▸ What this task involves
Every line below that includes the word "Pendants" needs to be copied.

───── Data extract

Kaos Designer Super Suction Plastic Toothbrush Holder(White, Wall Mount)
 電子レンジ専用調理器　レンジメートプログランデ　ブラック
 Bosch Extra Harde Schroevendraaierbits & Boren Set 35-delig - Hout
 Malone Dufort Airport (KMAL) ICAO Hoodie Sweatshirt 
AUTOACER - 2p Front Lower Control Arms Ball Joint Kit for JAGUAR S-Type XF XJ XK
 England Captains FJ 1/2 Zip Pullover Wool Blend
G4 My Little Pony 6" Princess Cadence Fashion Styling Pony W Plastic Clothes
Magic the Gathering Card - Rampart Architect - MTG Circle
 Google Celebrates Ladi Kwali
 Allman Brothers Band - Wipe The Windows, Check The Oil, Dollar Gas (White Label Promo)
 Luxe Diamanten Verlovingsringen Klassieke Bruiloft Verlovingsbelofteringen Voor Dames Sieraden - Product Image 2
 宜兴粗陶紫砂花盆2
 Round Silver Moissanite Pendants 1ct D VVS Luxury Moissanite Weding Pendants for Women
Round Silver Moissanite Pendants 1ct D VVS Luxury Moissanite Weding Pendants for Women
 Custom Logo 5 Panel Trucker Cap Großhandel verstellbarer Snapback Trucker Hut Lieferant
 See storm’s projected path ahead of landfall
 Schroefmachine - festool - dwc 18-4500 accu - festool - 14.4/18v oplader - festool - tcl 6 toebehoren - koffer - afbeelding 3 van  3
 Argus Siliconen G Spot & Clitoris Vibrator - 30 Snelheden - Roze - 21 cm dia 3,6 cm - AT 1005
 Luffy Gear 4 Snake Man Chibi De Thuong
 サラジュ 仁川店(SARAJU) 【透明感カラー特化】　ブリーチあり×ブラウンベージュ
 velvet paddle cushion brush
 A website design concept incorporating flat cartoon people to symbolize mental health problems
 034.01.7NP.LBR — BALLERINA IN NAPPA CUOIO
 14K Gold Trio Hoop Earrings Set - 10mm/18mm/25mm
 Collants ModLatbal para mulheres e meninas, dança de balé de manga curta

──────────

▸ Solution to this exercise
 Round Silver Moissanite Pendants 1ct D VVS Luxury Moissanite Weding Pendants for Women
Round Silver Moissanite Pendants 1ct D VVS Luxury Moissanite Weding Pendants for Women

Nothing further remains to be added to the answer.